When asked, through Isaiah, what he wants — the first time he has been asked since being here — Samuel replies emphatically that he wants to go home. This shouldn’t be surprising, but it is apparently for those who are convinced that Samuel is being provided with the best care possible. So much so that such a statement alone is enough to define him as crazy and therefore incompetent, which means that he has no decision-making capacity. In other words, if Samuel doesn’t have enough insight into his situation to understand that “he needs to be here” then he must be crazy. And if he’s crazy, he can’t make decisions regarding his future. A real life Catch-22, Inuit-style — Joseph Heller would be proud.

Like the colonizers, Samuel and Isaiah are textbook caricatures. Samuel doesn’t know what day of the week it is and likely never did. His world is one of endless skyline and the logic he understands is the logic of the hunt.

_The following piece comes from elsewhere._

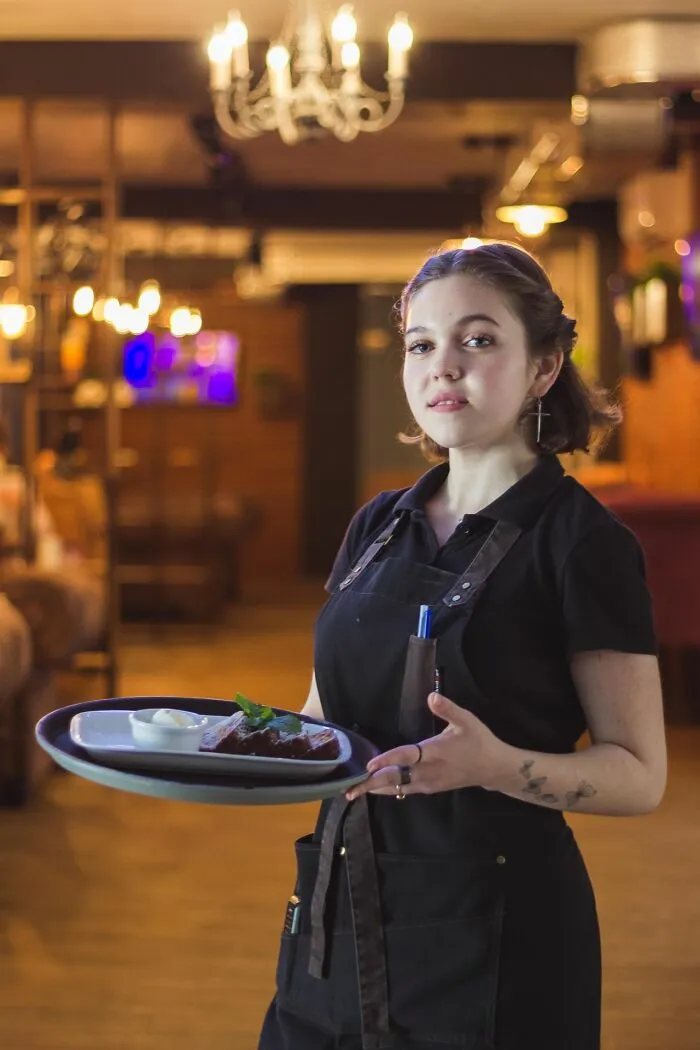 Waitress holding a tray calmly amid Karen confrontation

Isaiah, for his part, plays the role of the lost generation. His father’s world is fading just as his father is, but without education and with only a rudimentary grasp of English, Isaiah stands little chance of walking in mainstream Canadian society. His interaction with that world is similar to Samuel’s in terms of dysfunction, only in contact with it as a captive, all of his agency lost.

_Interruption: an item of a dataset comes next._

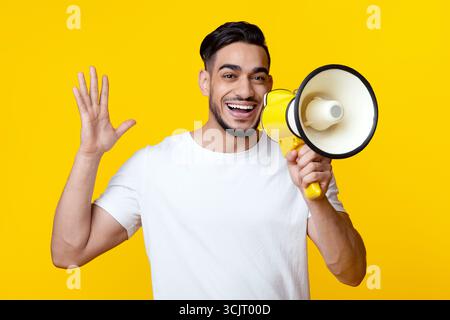 Excited arab guy speaking loud, using megaphone on yellow Stock Photo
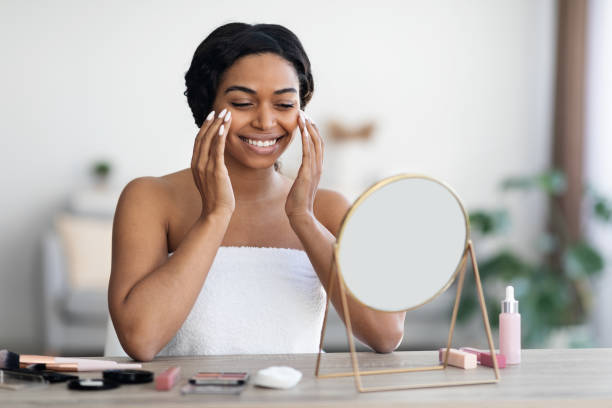 istock Attractive young black woman applying make up and smiling 1476002780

The lives of Samuel and Isaiah follow a path familiar to many of those affected by colonization. The subject culture is denigrated, its difference with the dominant one equated with presumed weakness and inferiority. This must be so, as post-colonial writers like Edward Said have emphasized. Otherwise, there would be no way to justify the dominance and destruction by one culture over another.

The ensuing tragedy is predictable and is no different in kind to the tragedy of colonization throughout history. One way of life is shattered, but the actors have no means nor are they equipped to function in the new dominant knowledge and culture systems.

Samuel’s own personal story is not unique. It is too common for people to live out the end of their lives in a manner completely foreign to their world, to their way of life, to their understanding. Nor is Isaiah’s. If statistics are to be believed, the jails are full of Indigenous men and women whose most notable contact with mainstream Canadian society is through the bars of Canadian prisons.

Samuel will continue to be wheeled around through the white walls, surrounded by beeping machines and voices he can’t understand. In all probability he will die this way, no doubt dreaming of time past and the very different place where he once was. As for Isaiah, if statistical trends are at all accurate, he will more likely than not return to jail at some point, a free trip off of the Belcher Islands for a tour of southern Canada and all the penal system has to offer.

It is easy to forget that the lives of these people fall within the national boundaries of this country. Their voices are muted and ignored. Such is the legacy of la mission civisilatrice — the great civilizing mission.